Domingo este jornal registrou o primeiro aniversário de uma lei igualmente punidora contra o empregador - a de nº 9.983, de julho do ano passado - que enquadra no Código Penal o patrão que não registrar empregados.
Mas não é de mais rigor na lei trabalhista que o país precisa e sim de uma reformulação na Consolidação das Leis do Trabalho (CLT), de forma que estimule o emprego, garanta o trabalhador dentro dos limites moralmente justos e se transforme num instrumento confiável para o empregador.
Hoje a CLT, no Brasil, não contempla nenhum desses três segmentos, mas ao contrário prejudica todos eles. Ao apropriar-se de quantia quase idêntica a cada salário, em forma dos encargos que subtrai da empresa, o governo está, na verdade, pondo as mãos sobre um dinheiro que poderia ser destinado ao trabalhador.

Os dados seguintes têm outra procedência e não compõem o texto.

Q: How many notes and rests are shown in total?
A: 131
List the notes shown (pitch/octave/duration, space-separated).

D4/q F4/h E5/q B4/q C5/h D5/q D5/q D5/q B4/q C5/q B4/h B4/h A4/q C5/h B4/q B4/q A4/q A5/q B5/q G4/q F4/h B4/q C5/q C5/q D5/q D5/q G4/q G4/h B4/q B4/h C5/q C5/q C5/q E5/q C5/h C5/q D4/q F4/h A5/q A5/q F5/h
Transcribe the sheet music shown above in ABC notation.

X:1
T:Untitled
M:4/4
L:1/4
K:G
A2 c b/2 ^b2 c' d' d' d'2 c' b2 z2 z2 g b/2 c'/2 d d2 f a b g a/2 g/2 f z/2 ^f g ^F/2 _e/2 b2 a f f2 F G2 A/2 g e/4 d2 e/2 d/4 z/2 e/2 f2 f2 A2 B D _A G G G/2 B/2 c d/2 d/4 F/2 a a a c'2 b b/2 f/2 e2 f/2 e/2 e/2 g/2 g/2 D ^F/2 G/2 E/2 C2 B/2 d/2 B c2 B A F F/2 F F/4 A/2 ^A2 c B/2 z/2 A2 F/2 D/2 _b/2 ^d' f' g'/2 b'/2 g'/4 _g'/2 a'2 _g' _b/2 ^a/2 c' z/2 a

Esse verdadeiro pulo-de-gato que o governo dá sobre um valor oriundo da atividade produtiva nada mais é que apropriação indébita e punição sobre o exercício do trabalho, o que ao mesmo tempo desestimula as pessoas a implantarem um negócio próprio, gerador de empregos.
O trabalhador, de sua vez, sabe que esse elevado percentual auferido pelo governo sobre o seu trabalho é dinheiro que, moralmente, deveria ser dele, operário. E não há dúvida de que a classe empresarial gostaria muito mais de beneficiar seus empregados, passando-lhes esse valor, do que entregá-lo ao governo, pródigo em corrupção e em má aplicação do dinheiro público.

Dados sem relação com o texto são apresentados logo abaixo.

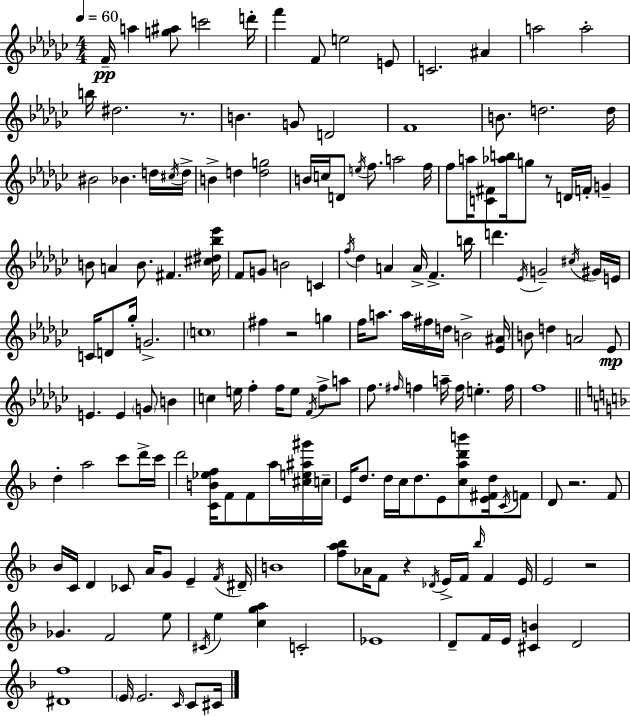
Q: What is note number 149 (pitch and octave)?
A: E4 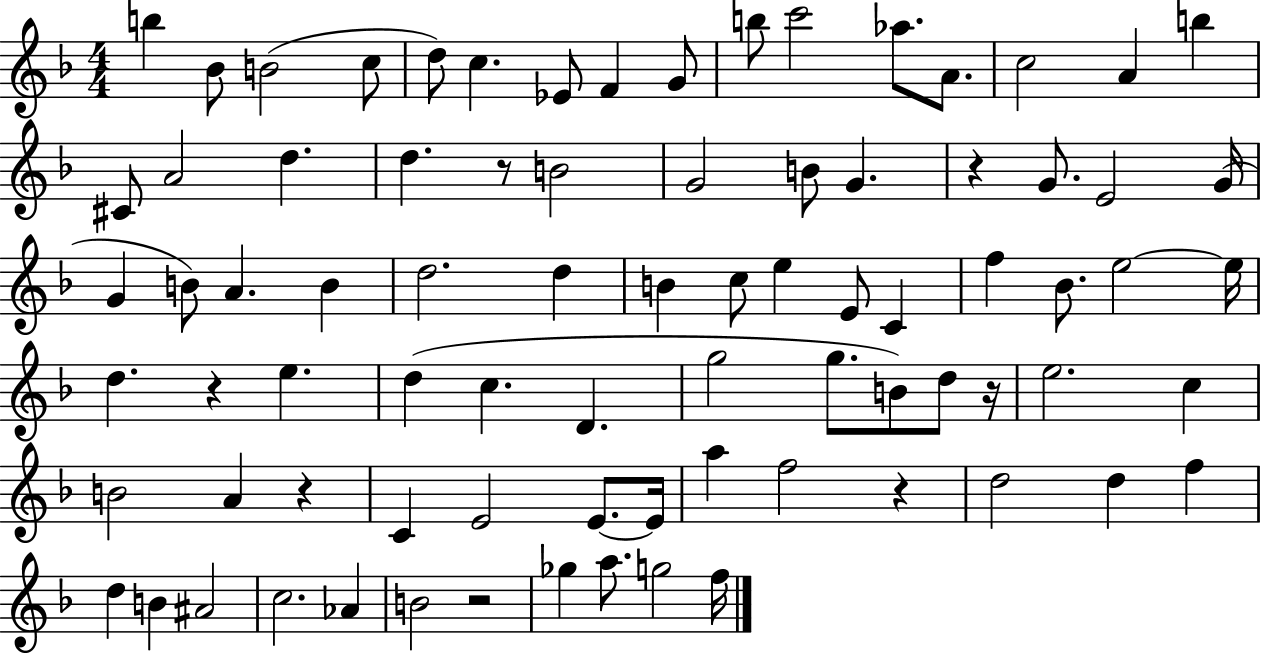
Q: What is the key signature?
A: F major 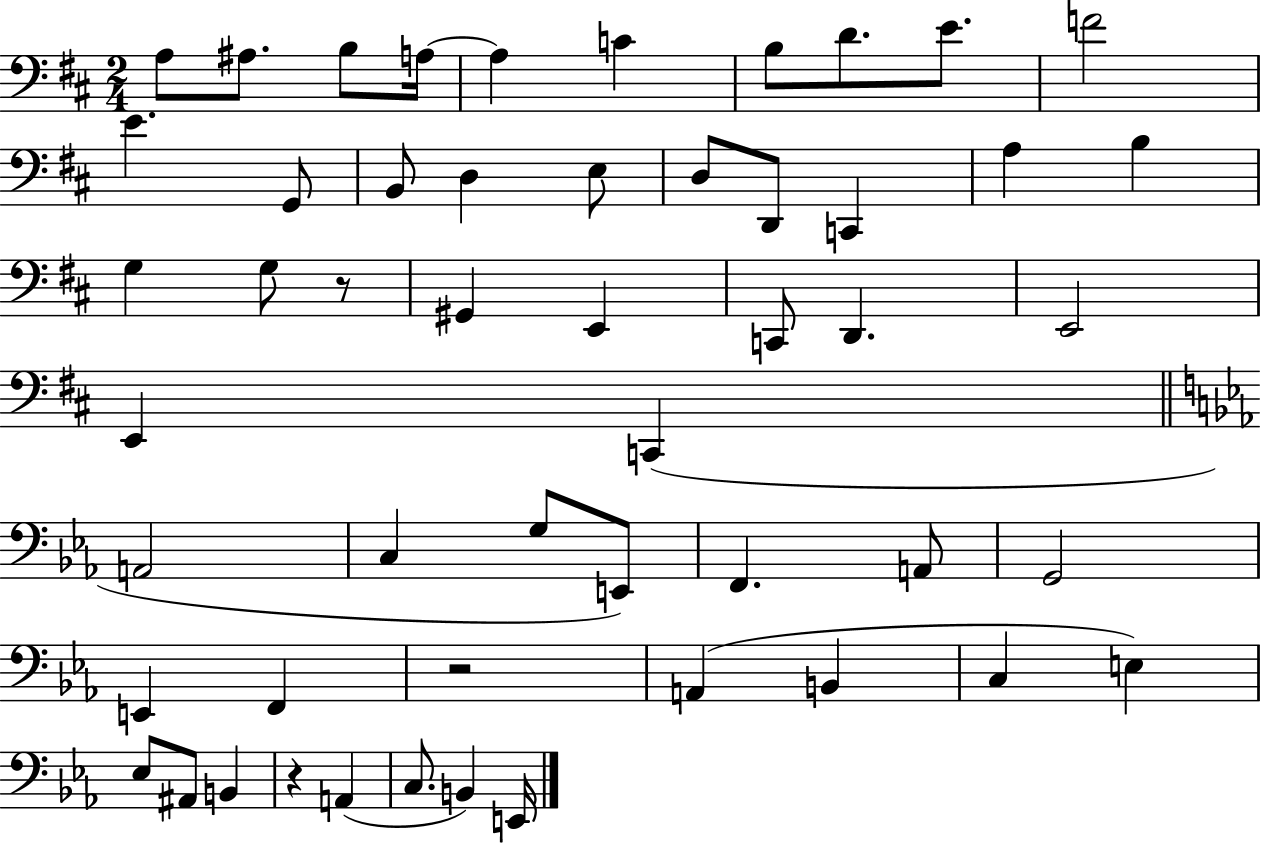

O trabalhador, certamente, aplicaria o correspondente a esses encargos em melhoria de seu bem-estar pessoal e da família, ao tempo em que aumentaria o seu poder de compra, dessa forma dinamizando a economia e gerando um processo de desenvolvimento em cadeia, que no final resultaria benéfico também para o próprio governo e sucessivamente para a sociedade. Todos ganhariam.

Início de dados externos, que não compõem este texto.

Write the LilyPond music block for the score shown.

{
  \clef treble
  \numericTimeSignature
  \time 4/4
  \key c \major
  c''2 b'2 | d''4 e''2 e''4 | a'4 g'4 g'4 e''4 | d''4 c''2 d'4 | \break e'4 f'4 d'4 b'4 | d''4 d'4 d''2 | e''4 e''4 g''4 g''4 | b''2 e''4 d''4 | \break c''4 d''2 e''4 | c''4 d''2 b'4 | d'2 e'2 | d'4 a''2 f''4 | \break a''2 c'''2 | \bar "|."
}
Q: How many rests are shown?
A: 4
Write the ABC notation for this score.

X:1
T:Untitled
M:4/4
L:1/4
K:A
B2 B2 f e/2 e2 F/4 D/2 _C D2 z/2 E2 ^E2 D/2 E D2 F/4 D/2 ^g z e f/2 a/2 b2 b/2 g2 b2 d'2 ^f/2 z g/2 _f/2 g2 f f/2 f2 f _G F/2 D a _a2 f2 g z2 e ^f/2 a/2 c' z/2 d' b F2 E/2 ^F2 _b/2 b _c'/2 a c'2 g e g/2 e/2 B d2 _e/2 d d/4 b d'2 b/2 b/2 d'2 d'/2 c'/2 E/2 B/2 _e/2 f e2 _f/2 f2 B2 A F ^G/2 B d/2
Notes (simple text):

A legislação trabalhista brasileira é leonina, porque possibilita ao autor de uma ação trabalhista receber vultosa indenização, no mais das vezes exagerada e de discutível legitimidade moral. Certos valores decretados em sentenças trabalhistas são capazes de colocar uma empresa na falência, gerando o desemprego de mais trabalhadores e do próprio patrão.
São raríssimas as vezes que um empregador ganha uma causa trabalhista, ou que não tenha que fazer um acordo conciliatório, o que de qualquer forma é uma punição, a não ser nos casos em que, realmente, ele deixou de pagar salários ou horas extras. Também se sabe que vigora na mentalidade sindical o estímulo à ação trabalhista.
A CLT vigorante acaba por prejudicar o trabalhador, no geral, porque amedronta o empregador e o inibe de contratar, pelo temor da inflexibilidade da lei. Todos perdem com isso. E, quando se espera que nossos legisladores se debrucem, afinal, sobre o estudo de uma ampla reforma da Consolidação das Leis do Trabalho, eles criam mais mecanismos desestimuladores do emprego, como esse enquadramento no Código Penal.
Certamente que registrar o trabalhador é necessário, e em sã consciência nenhum empregador se recusaria a fazê-lo se não houvesse tanto rigor na lei e tantas obrigações para ele em contratar. Por culpa dos próprios legisladores é que cresce cada vez mais o trabalho informal (sem vinculação empregatícia). As opiniões contrárias a esse novo instrumento legal manifestam dúvida se isto realmente coloca um freio na atividade informal, ou se é mais uma lei caça-níquel, no dizer de um líder patronal.
É oportuno ressaltar que nos países mais desenvolvidos as leis trabalhistas não são tão rigorosas, e pela sua natureza geram uma boa relação entre empresa e trabalhador. Os sindicatos - patronais e de trabalhadores - são fortes e a lei trabalhista não prejudica nem o empregador e nem o operário, gerando uma harmonia entre as duas classes, que se necessitam mutuamente.